‘Widely exaggerated’: Climate skeptic MP blasts UK emissions target
In a speech to the Global Warming Policy Foundation, Paterson is expected to say that the current climate change predictions are “widely exaggerated” and that to “blindly” follow the current economic plan would require unsustainable levels of investment.
The current climate goals, outlined in 2008, enforce an 80 percent decrease in carbon dioxide emissions by 2050. Paterson believes this cannot be achieved without significant investment. He will urge the UK government to abandon the plan.
The Conservative MP, who was replaced as Environment Secretary by Liz Truss in the July Cabinet reshuffle, questions the scientific evidence surrounding climate change and describes the levels of warming linked to carbon dioxide as “uncertain.”
This latest speech makes him the most senior politician to openly criticize the government’s economic policies.

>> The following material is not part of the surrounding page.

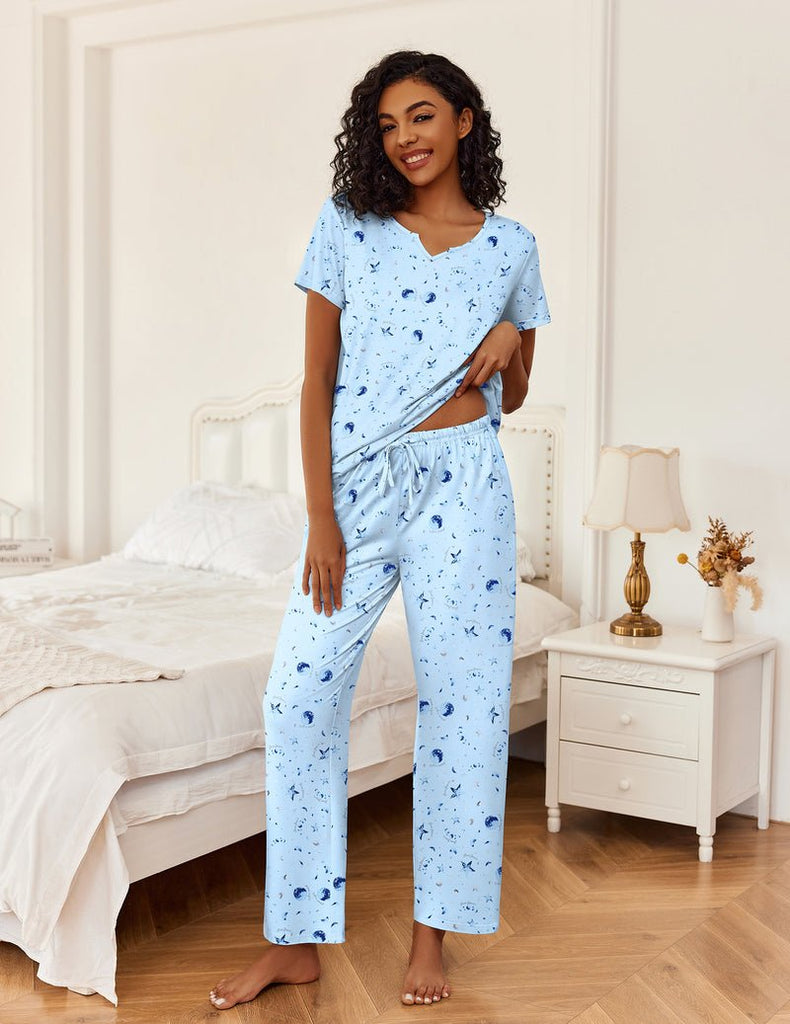 ekouaer-pajama-sets-2-teiler-v-ausschnitt-kurzarm image 1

Over the past 35 years, the climate has changed “nothing like as fast” as it was predicted, Patterson will say, claiming the current government strategy will see the lights go out “within a generation.”
Some of the claims laid out in his speech, however, have been refuted by Richard Black, the Director of ECIU (Energy and Climate Intelligence Unit).
However, Black claims there is narrowing headroom between peak demand and peak supply, “none of the major players in the field – DECC, the National Grid, Ofgem – believe the lights are about to go out.”
Black further states ministers would be unable to simply suspend work on the current climate goals. He claims there is no simple get-out clause.
The only way in which ministers could amend the emission reduction target is if “there have been significant developments in scientific knowledge about climate change, or European or international law or policy, that make it appropriate to do so.”
This isn’t the first time Paterson has courted controversy. Previous policies as Environment Secretary earned him a reputation as a “pro-hunting, pro-badger cull, anti-wind, pro-fracking” minister, who remained a staunch climate skeptic.
His removal from office was gladly received by Friends of the Earth, who called him “the worst Environment Secretary the UK has had in decades.”
Whilst the Conservative Party have been known to host climate skeptics, such as Nigel Lawson and Peter Lilley, the speech from Paterson goes against the climate plans laid out by Prime Minister David Cameron during the UN Climate Summit in September.
Cameron announced that “climate change is one of the most serious threats facing our world.” He added that “it is not just a threat to the environment. It is also a threat to our national security, to global security, to poverty eradication and to economic prosperity.”